The case of a Uinta County man accused of using an artificial intelligence application to remake a photo of a teenage girl he knows into child pornography resurrects some lawmakers’ concerns about AI deception.
The case of Matthew John McDowell, who turns 47 this year, rose Tuesday to the felony-level Uinta County District Court.
McDowell faces four counts of child pornography possession — each charged as a “subsequent offense” to prior child sexual exploitation and each punishable by between seven and 12 years in prison and up to $10,000 in fines.
Of the four photographs underpinning the four counts, at least one is a deepfake, court documents say.
The original, unaltered photograph was of a teen girl McDowell knows, fully wrapped in a towel from her upper chest to her feet, with her hair wet as though she had just gotten out of the shower, says an evidentiary affidavit by Wyoming Division of Criminal Investigation Special Agent Daniel Allison.
The altered version showed her naked and bore the words “AI generated” in its center, with the application’s name in the upper left corner of the image, wrote Allison.
The affidavit describes the other three photos underpinning the charges as child pornography involving a prepubescent girl depicted in lone sex acts and a sex act with an adult male. The document does not assert that these are deepfakes.
But, seemingly as an aside, it says investigators found “at least nine files of computer-generated imagery or animation” produced from original photos of a teen girl McDowell knows.
Allison’s account says investigators found deepfake-generating applications on one of McDowell’s devices.
One of these applications touts its ability to “swap faces in adult videos using cutting-edge AI technology … achieving a flawless, lifelike effect,” says the document.
Jon Gerard, McDowell’s attorney, declined Wednesday to comment.
Maybe Time For A Second Look
Wyoming has not passed a standalone law banning deepfake fraud, though some lawmakers tried without success to run that kind of legislation in 2024.
Rep. Mike Yin, D-Jackson, had voted in favor of the deepfake fraud bill when the Select Committee on Blockchain, Financial Technology and Digital Innovation advanced it in the 2023 interim, he told Cowboy State Daily in a Wednesday interview.
That bill didn’t focus on child pornography or deepfake porn. It sought to target AI image fraud generally, by making people flag deceptive-yet-realistic images that had been altered.
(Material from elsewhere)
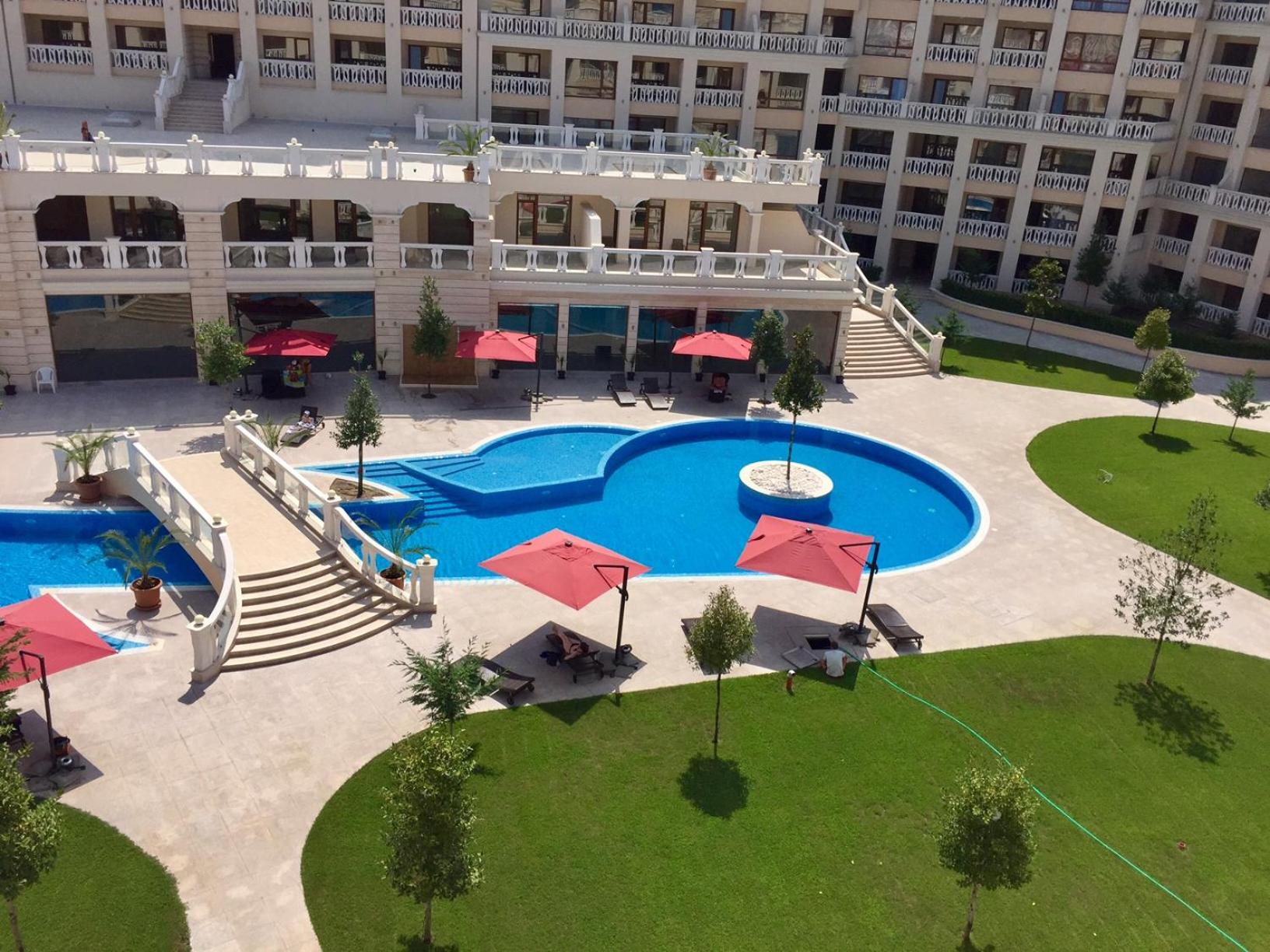 One-Bedroom Apartment with Balcony (2 Adults + 2 Children) photo 1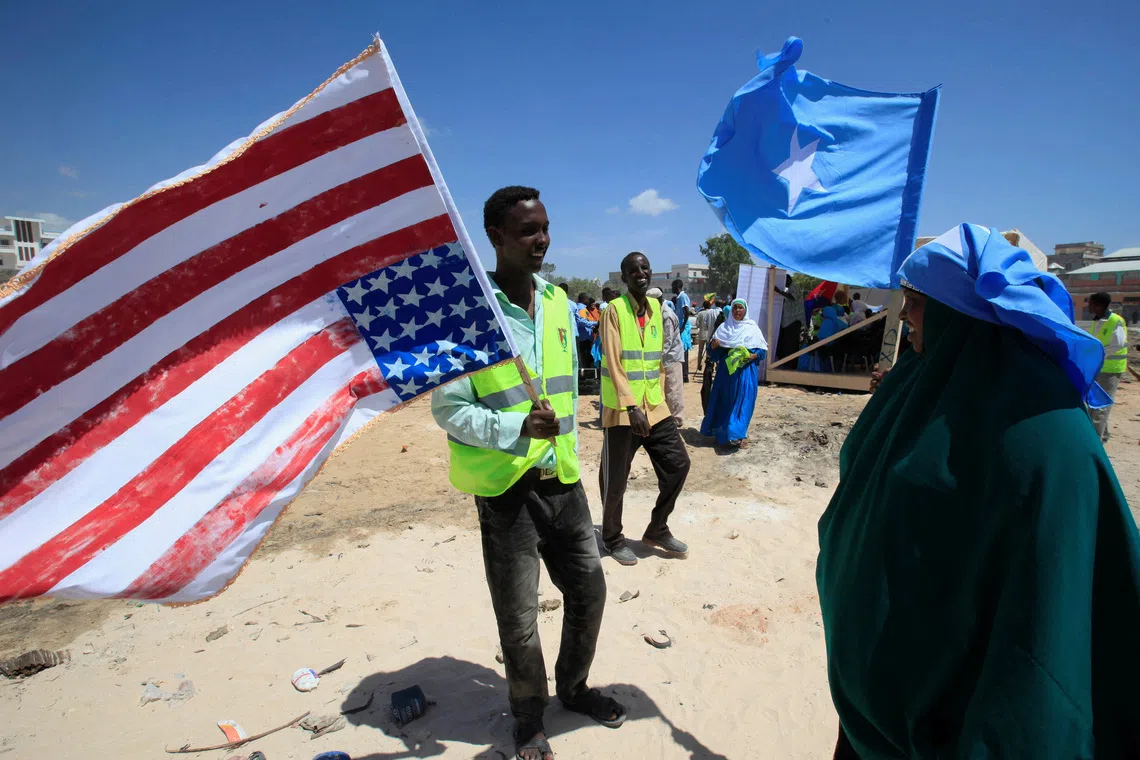 US gives UN more time to end support for Somalia peacekeepers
The bill’s enforcement mechanism was a private lawsuit avenue, for anyone misled by deceptive AI images.
It also sought to authorize criminal prosecution of people caught using deepfakes to sway elections.
On hearing of McDowell’s case, Yin said it might be time to review the issue again.
“I’ll be a little crude here, but it’s f***ed up that people do this sort of thing,” said Yin of the allegations. “And I mean, maybe we should continue to figure out whether we should have an additional offense for this.”
Yin said he’s glad justice is being sought in this case.
Rep. Rachel Rodriguez-Williams, R-Cody, confirmed late Wednesday that she’s co-sponsoring a bill by Rep. Jaymie Lien, R-Casper, to address this issue.
“The AI Innovation and Child Protection act (would give Wyoming) the tools to lead with both innovation and integrity,” wrote Rodriguez-Williams in a Wednesday text message, adding that the bill seeks to safeguard people and ensure Wyoming retains a competitive edge in the AI market.
The text of the bill was not available by press time.
DCI Says It’s Doing The Thing
DCI is “well aware of the capabilities Artificial Intelligence offers in the generation of Child Sexual Abuse Material and will investigate those cases in a similar fashion as traditional CSAM cases,” DCI Commander Ryan Cox wrote in a Wednesday email to Cowboy State Daily, which he said was the product of his conversation with ICAC Commander Ryan Hieb.
AI gives new ways to make computer-generated images that in the past may have used cut-and-paste tools.
“Regardless of the production method, DCI will apply the full scope of our investigative resources to these cases,” added Cox.
Allison’s affidavit makes a similar statement, pointing to Wyoming’s child-porn ban and its inclusion of “computer-generated” and “modified” imagery in its definition of the illegal material.
It’s unclear whether the U.S. Supreme Court would agree.
The high court addressed this issue before the AI era, in the 2002 case Ashcroft v. Free Speech Coalition. The court struck down as unconstitutional a federal ban on “virtual child pornography.”
“The argument that virtual child pornography whets pedophiles' appetites and encourages them to engage in illegal conduct is unavailing because the mere tendency of speech to encourage unlawful acts is not a sufficient reason for banning it,” says the case syllabus.
But, noted Blockchain Committee Co-Chair Sen. Chris Rothfuss, D-Laramie, the Uinta County case isn’t a perfect parallel to Ashcroft.
That’s because the victims of fraudulent deepfake pornography aren’t necessarily sex abuse victims, but they still suffer harm.
Ashcroft’s “virtual” images, conversely, weren’t realistic morphs of real people.
Lawmakers may need to discover what the harm to real people is and how to curb it without violating the First Amendment, Rothfuss said.
Rothfuss had championed the rejected deepfake bill, for which the legislature lacked an “appetite,” he said. That bill sought chiefly to curb deceptions that could sway an election.
Perhaps the legislature will remain “against being proactive” and not legislate in this space until AI image technology wreaks real, noticeable harms in Wyoming, he opined.
Go Carefully
The libertarian-leaning Blockchain Committee Co-Chair Rep. Daniel Singh, R-Cheyenne, had voted against the deepfake bill – not because of any pornography nexus but because he felt that its provision criminalizing some unflagged political speech went too far.
Though the bill sought to target outright deceptive images, Singh worried that it could be weaponized against satire or parody, which are protected under the First Amendment.
But, said Singh, the deepfake issue and the broader problems of people using others’ likenesses and data deserve thoughtful contemplation going forward.
“Some of the factors you have to think about with AI-generated porn include your right to your own likeness,” he said. “And that was a topic that I wanted to explore – and that we’re probably going to explore in the upcoming interim.”
Singh wants to do so in a way that protects children and preserves the right of free expression, he said.
He also said the deepfake issue is a reminder that data miners are compiling not just images, but location, behavior, communication and other data people feed into their phones and the internet, said Singh.
Whether parents want to avoid posting photos of their children online falls under their own discretion, he said, but data harvesting is “something to be aware of.”
"People do need to be cautious of what they look at on the internet and the type of interactions they have with the interface itself, because everything is being recorded," he said.